Work request: The whole listing below is to be copied exactly, with every picture left out.

Information supplied:
⟨

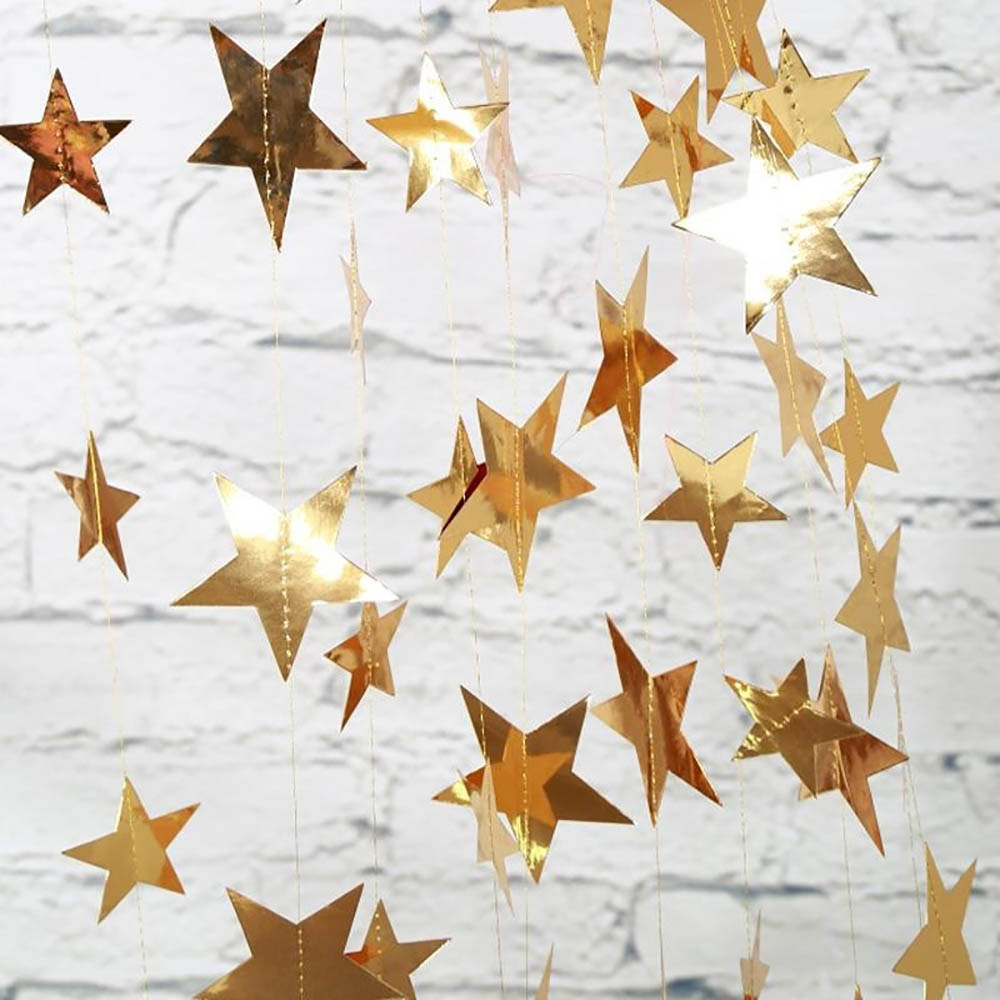 4M Mirror Star String 7CM Garland Banner Shining For Christmas Birthday Wedding Party Home Shopwindow Hanging Ornament Decor
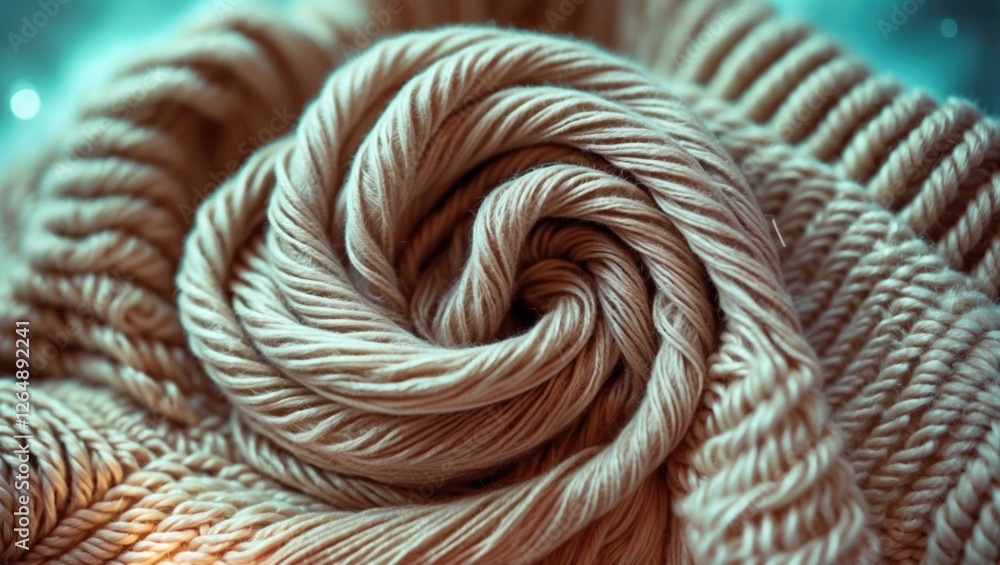 Poster close-up of intricately coiled soft yarn in light beige color with a textured background and smooth 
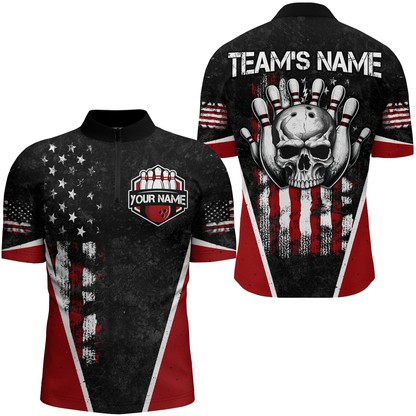 Skull Bowling Shirt Personalized American 1/4 Zip Bowling Team Jersey for Men & Women BDT475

⟩

Solution for this task:
 4M Mirror Star String 7CM Garland Banner Shining For Christmas Birthday Wedding Party Home Shopwindow Hanging Ornament Decor
 Poster close-up of intricately coiled soft yarn in light beige color with a textured background and smooth 
 Skull Bowling Shirt Personalized American 1/4 Zip Bowling Team Jersey for Men & Women BDT475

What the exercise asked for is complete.